● Task to carry out: Quote all of the data exactly as given. Skip every picture it contains.

Caption-style text data
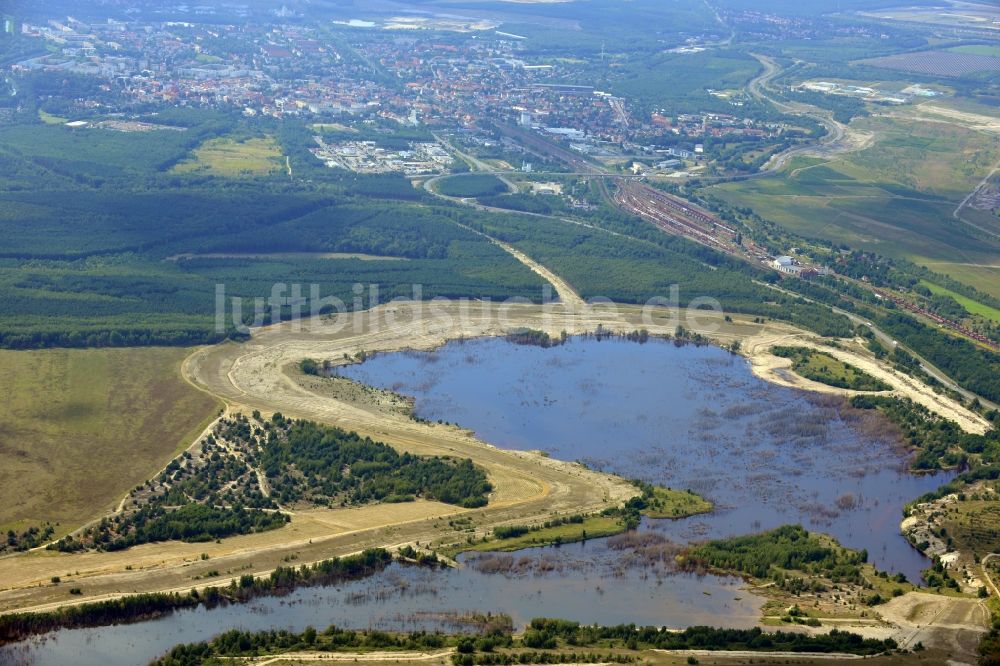 Senftenberg von oben - Landschaft am Sedlitzer See in Senftenberg im Bundesland Brandenburg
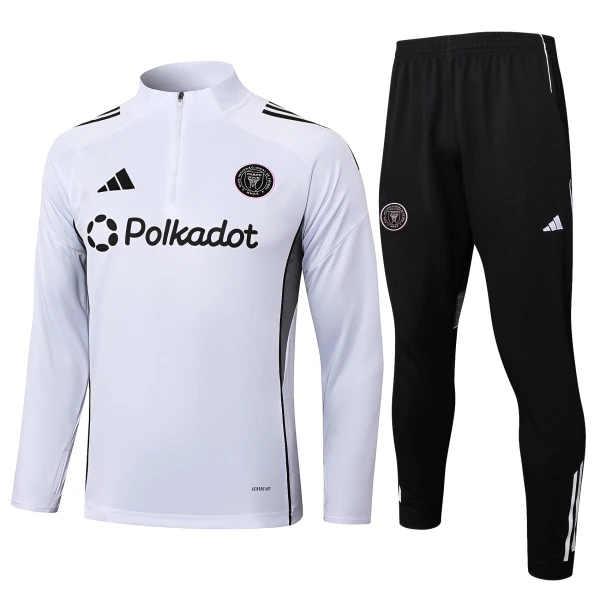 Conjunto de Moletom de Treino Inter Miami CF Homem Quarto-Zíper 2025-26 Branca Conjunto de Moletom de Treino Inter Miami CF Homem Quarto-Zíper 2025-26 Branca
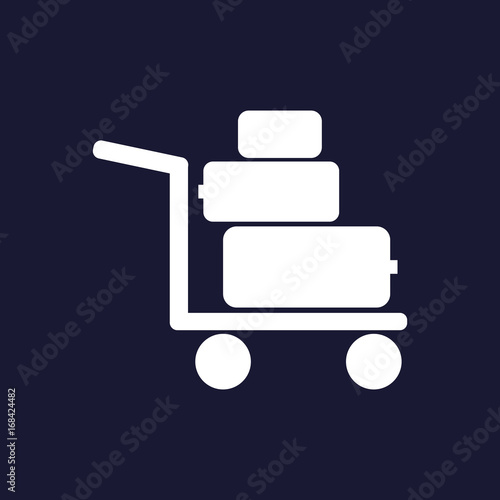 Vector icon shows the presence of porters on dark blue background.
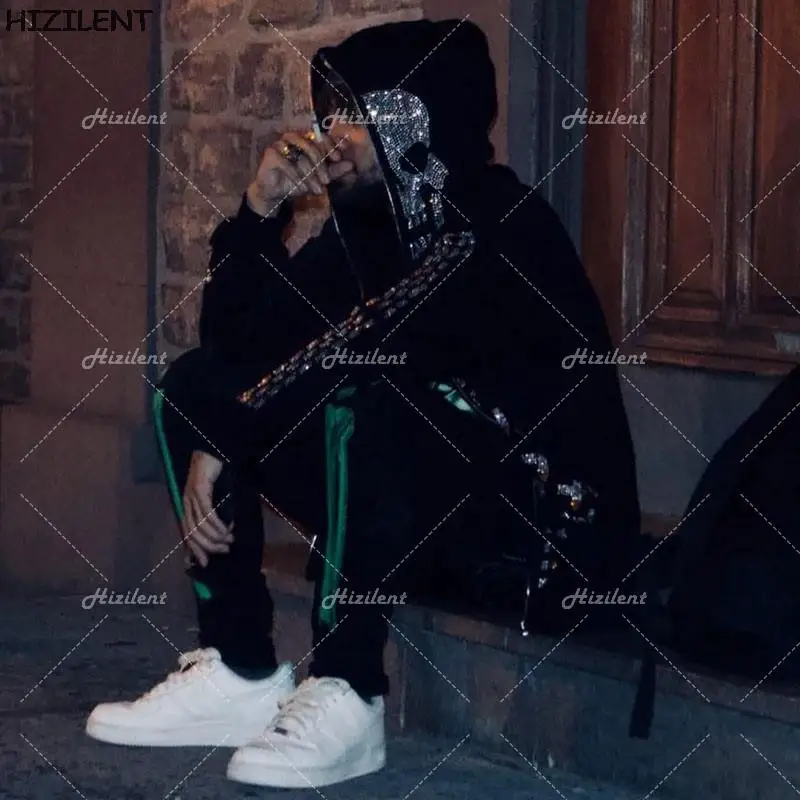 Джоггеры в стиле хип-хоп мужские толстовки пальто панк аниме Стразы скелет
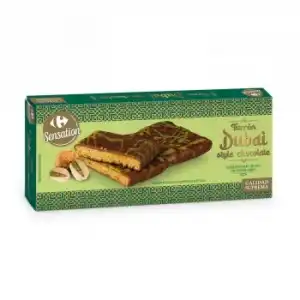 Turrón de chocolate con leche estilo Dubai Sensation Carrefour 150 g.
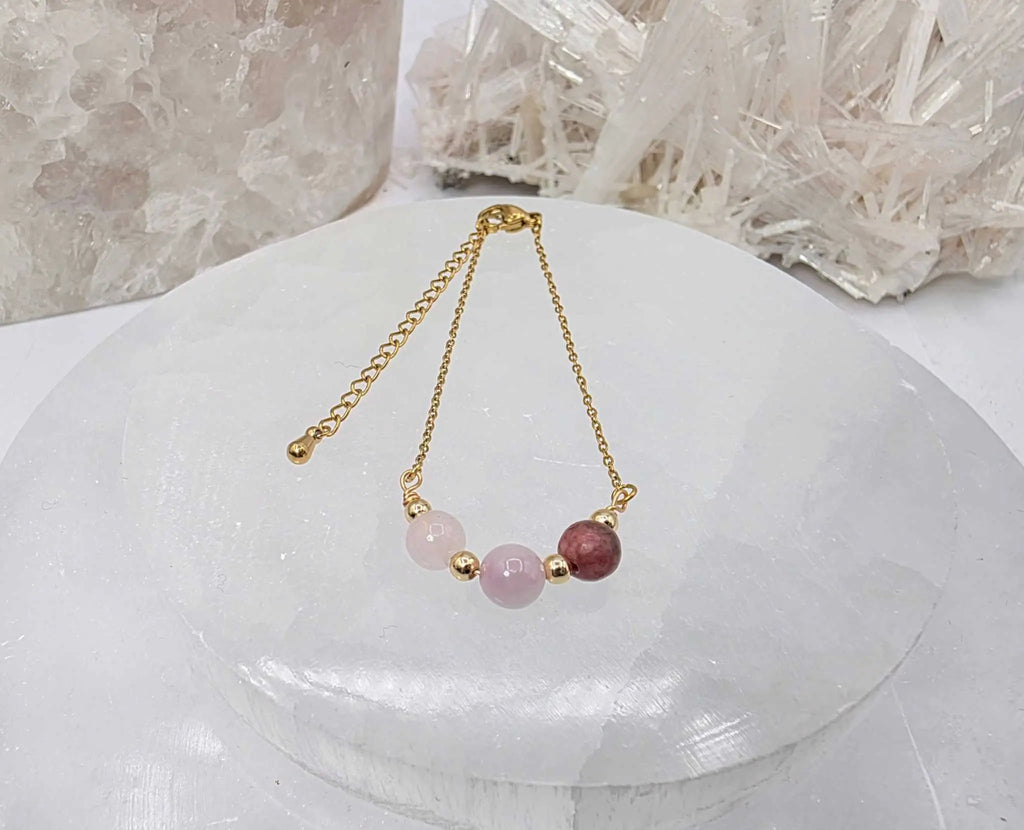 I AM ENOUGH -Kunzite, Rose Quartz, Rhodonite Gem Jewelry Set | Jewelry Set | Wiccan Center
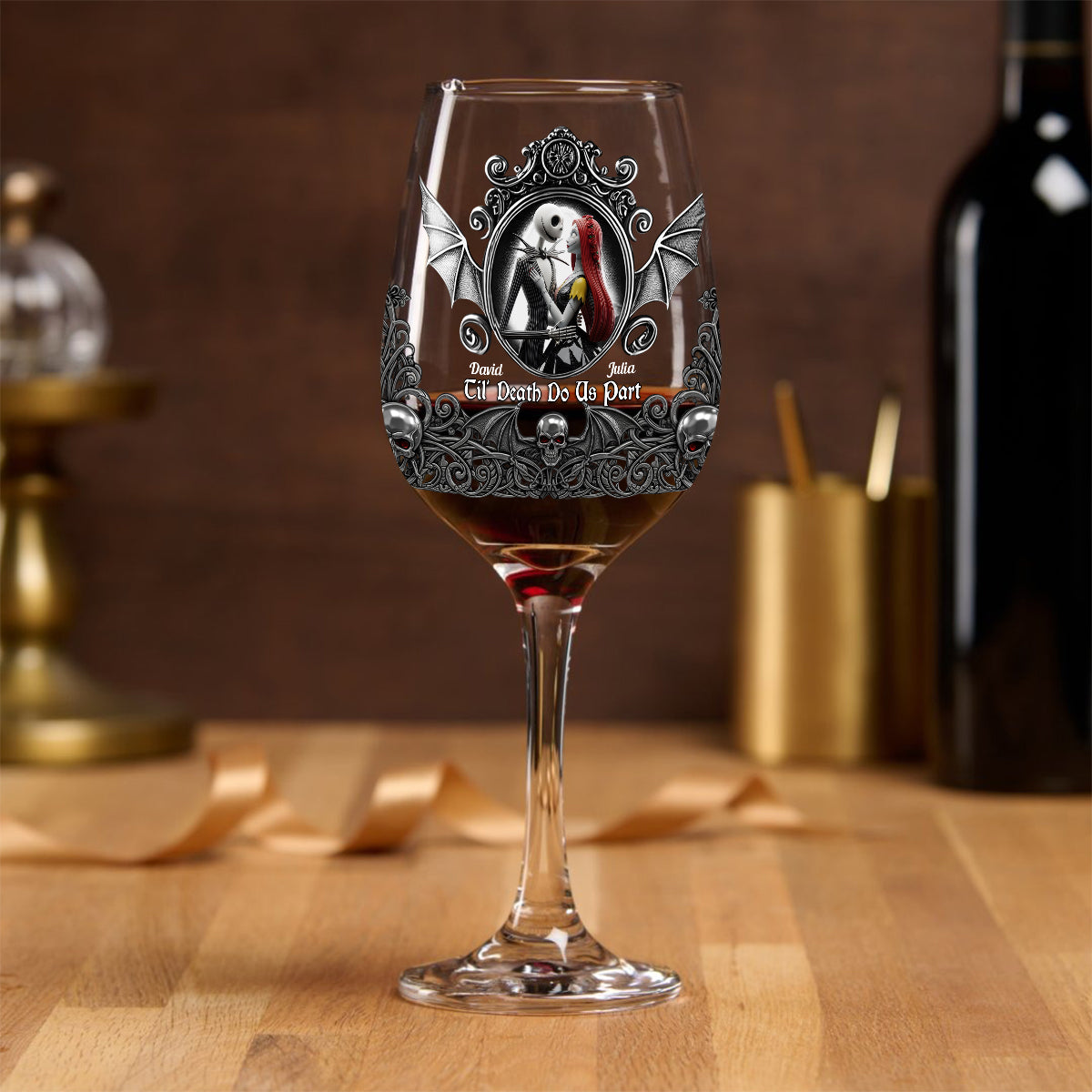 Til Death Do Us Part - Personalized Nightmare Wine Glass With Long Stem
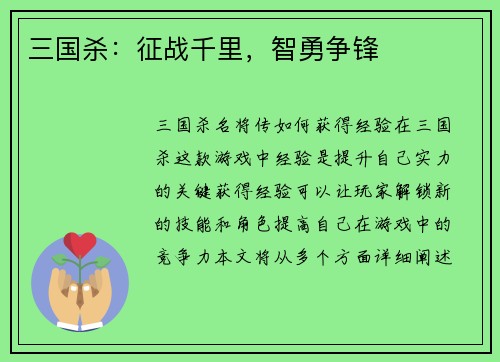 三国杀：征战千里，智勇争锋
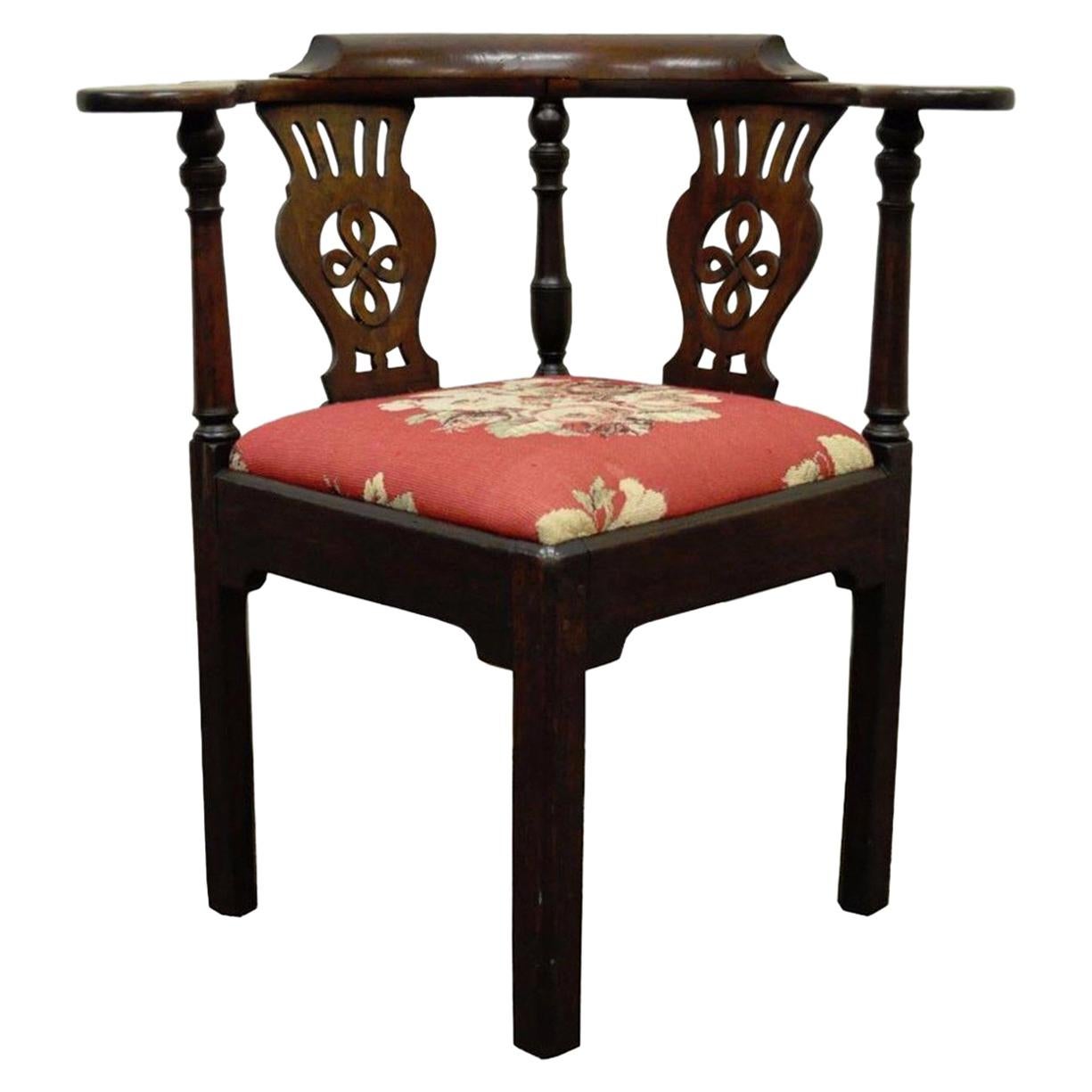 19th Century Georgian English Irish Mahogany Needlepoint Seat Corner Chair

● Result for this exercise:
 Senftenberg von oben - Landschaft am Sedlitzer See in Senftenberg im Bundesland Brandenburg
 Conjunto de Moletom de Treino Inter Miami CF Homem Quarto-Zíper 2025-26 Branca Conjunto de Moletom de Treino Inter Miami CF Homem Quarto-Zíper 2025-26 Branca
 Vector icon shows the presence of porters on dark blue background.
 Джоггеры в стиле хип-хоп мужские толстовки пальто панк аниме Стразы скелет
 Turrón de chocolate con leche estilo Dubai Sensation Carrefour 150 g.
 I AM ENOUGH -Kunzite, Rose Quartz, Rhodonite Gem Jewelry Set | Jewelry Set | Wiccan Center
 Til Death Do Us Part - Personalized Nightmare Wine Glass With Long Stem
 三国杀：征战千里，智勇争锋
 19th Century Georgian English Irish Mahogany Needlepoint Seat Corner Chair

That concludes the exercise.